→ Exercise
Copy exactly the line containing "Galpão/Depósito/Armazém para alugar, 1061m²" and all the lines that follow it to the end of the records, minus the pictures.

→ Data
════════
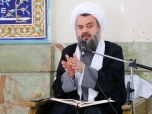 ادامه برگزاری دروس خارج آیت الله هادوی تهرانی از روز یکشنبه 18 اردیبهشت ماه 1401
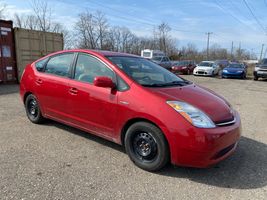 2008 TOYOTA PRIUS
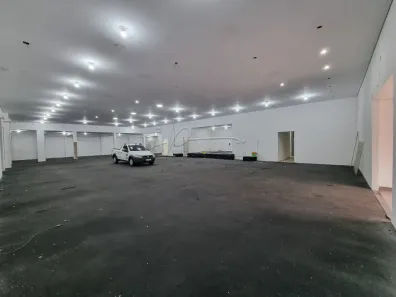 Galpão/Depósito/Armazém para alugar, 1061m² no Centro, Ribeirão Preto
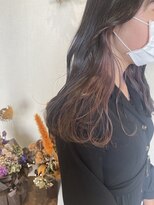 アリーナ 緑が丘店(arena) 大人なイヤリングカラー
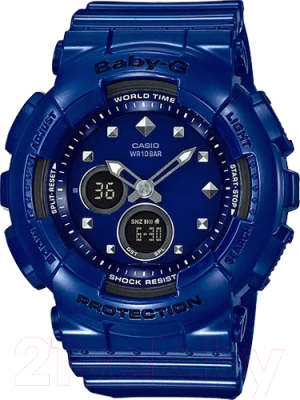 Часы наручные женские Casio BA-125-2A - фото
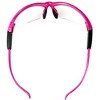2 Pairs of Birdz Eyewear Flamingo Safety Glasses with Clear, Clear Lenses - 4 of 4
════════
→ Response to this task
 Galpão/Depósito/Armazém para alugar, 1061m² no Centro, Ribeirão Preto
 アリーナ 緑が丘店(arena) 大人なイヤリングカラー
 Часы наручные женские Casio BA-125-2A - фото
2 Pairs of Birdz Eyewear Flamingo Safety Glasses with Clear, Clear Lenses - 4 of 4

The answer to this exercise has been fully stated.